Nawyki żywieniowe nie powinny być przyczyną różnic pomiędzy dwójką kochających się osób. Sue Boyt jest wegetarianką i nie podziela upodobań kulinarnych męża. Tym bardziej, że Arthur Boyt upodobał sobie jedzenie padliny, a dokładnie mięsa z przejechanych przez samochody zwierząt.

Nawyki żywieniowe są coraz popularniejszym tematem, jednak to my sami cały czas decydujemy, co skłania nas do spożywania określonych potraw. Jedzenie może być bowiem tylko smaczne, albo tylko zdrowe. Jak jednak sklasyfikować potrzebę konsumowania przydrożnego mięsa?
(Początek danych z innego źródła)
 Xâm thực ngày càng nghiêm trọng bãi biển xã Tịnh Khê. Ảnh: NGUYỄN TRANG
Większość ludzi po prostu jedzie dalej, często bez żadnych emocji na widok rozjechanych zwierząt, a czasami z towarzyszącą im mieszaniną wstrętu i smutku. Jednak Arthur  Boyt zatrzymuje się na drodze i pracowicie zdrapuje martwe ciała z dróg i zniekształcone zanosi do domu, bezpośrednio do kuchni.

Brytyjczyk Arthur Boyt zbiera z dróg padlinę zwierząt zabitych przez samochody. Przyrządza potrawy nawet z psów, a zdaniem brytyjskich tabloidów uwielbia smak labradora.
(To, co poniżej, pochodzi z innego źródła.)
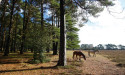 Visitors to be fined up to £1,000 for petting and feeding New Forest ponies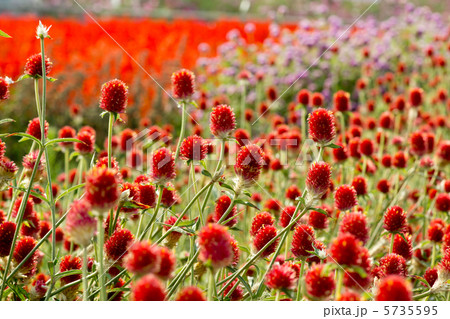 秋のお花畑_　千日紅 5735595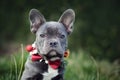 Beautiful young blue French Bulldog dog wearing seasonal Christmas collar with red bow tie Royalty Free Stock Photo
Istotne jest to, żeby mięso nie było najświeższe. Arthur Boyt potrafi zjeść padlinę mającą nawet kilka tygodni. Nie przebiera też w wybieraniu określonych fragmentów gnijącego, zwierzęcego truchła. Wszystko nadaje się do zjedzenia, kiedy Arthur wydłubie ze zwierząt robaki i ugotuje mięso.


Jakie zwierzęta zjada? Myszy, psy, szczury, koty, lisy i borsuki – dosłownie wszystko, co zostanie zabite przez rozpędzone na drodze auta. Ugotowane przydrożne mięso trafia na talerz padlinożernego emeryta. 
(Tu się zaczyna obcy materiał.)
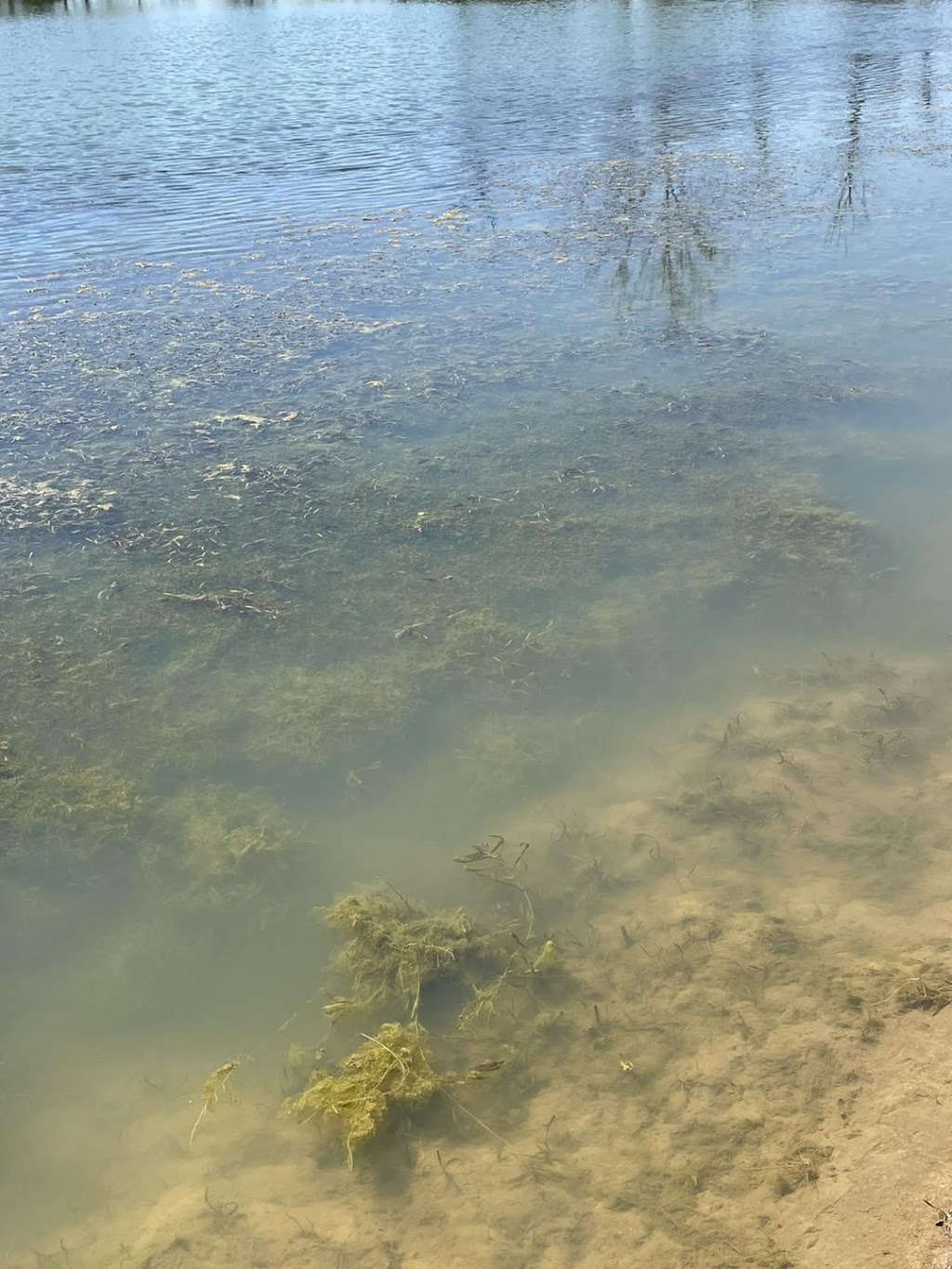 Bellus Aquatic Solutions | 9466 Moody Rd, Moores Hill, IN 47032, USA | Phone: (513) 283-3205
Emerytowany naukowiec samemu obrabia i przygotowuje zwierzęta do zjedzenia.
Musi je obrać ze skóry i futra, pokroić na kawałki oraz oddzielić mięso od kości. Zainteresowanym dziennikarzom opowiada, że właściwe przygotowanie jest niezmiernie ważne, ponieważ niektóre zwierzęta leżały przy drodze kilka tygodni.

Arthur Boyt musi przed konsumpcją starannie wybierać liczne larwy i robaki z ciał martwych zwierząt. Po tym rytuale może cieszyć się smakiem – jak zapewnia - zdrowego i smacznego mięsa.

- Zjadałem mięso, które miało ciemno-zielony kolor i śmierdziało. Jeżeli odpowiednio dobrze je ugotujesz, zgnilizna nie przeszkadza w cieszeniu się smakiem
- opowiada Arthur Boyt - Może nawet jej nie wyczujesz w jedzeniu, przekonanie o istnieniu zgnilizny tylko siedzi w twojej głowie. Trzeba przekroczyć granice i odrzucić opory, jeżeli masz zamiar jeść takie rzeczy. To tylko mięso. Nigdy nie pochorowałem się po jedzeniu zwierząt zebranych z drogi.

Jego ulubionym przydrożnym daniem jest pies, podobno w smaku podobny jest do wołowiny. Arthur Boyt jadł między innymi dwa psy rasy lurcher oraz labradora, zwierzęta zostały zabite przez samochody.

 

Arthur przed konsumpcją rasowych psów próbował znaleźć ich właścicieli, bo wiedział, że dla niektórych ludzi psy są najlepszymi przyjaciółmi. Kiedy jednak nie udało mu się nikogo odpowiedzialnego za martwe psy znaleźć, to umył zwierzęta, ugotował i podał do stołu z należytym szacunkiem wraz z czerwonym winem.

Częstym przydrożnym przysmakiem okazują się rozjechane borsuki. Artur Boyt lekceważy historie o ogromnej ilości chorób, które te zwierzęta miałyby roznosić, między innymi gruźlicy.

Arthur Boyt prawdopodobnie jest specjalistą w tym, co robi, ponieważ zbiera padlinę od 1960 roku. Jego zamrażarka cały czas skrywa wiele gatunków zwierząt, można w niej znaleźć zamrożone  wiewiórki i myszołowy.

Zaskakujący jest fakt, że żona Arthura Boyta jest wegetarianką. Emeryt przyrządza na swoje potrzeby gnijącą padlinę dopiero wtedy, kiedy jego żona, Sue Boyt wychodzi z domu. - Raz w tygodniu Sue wychodzi zobaczyć się ze swoją matką, jeżeli zostaje u niej na noc, to ja mam okazję, żeby wyprawić sobie wielką ucztę – rozmarza się Arthur Boyt.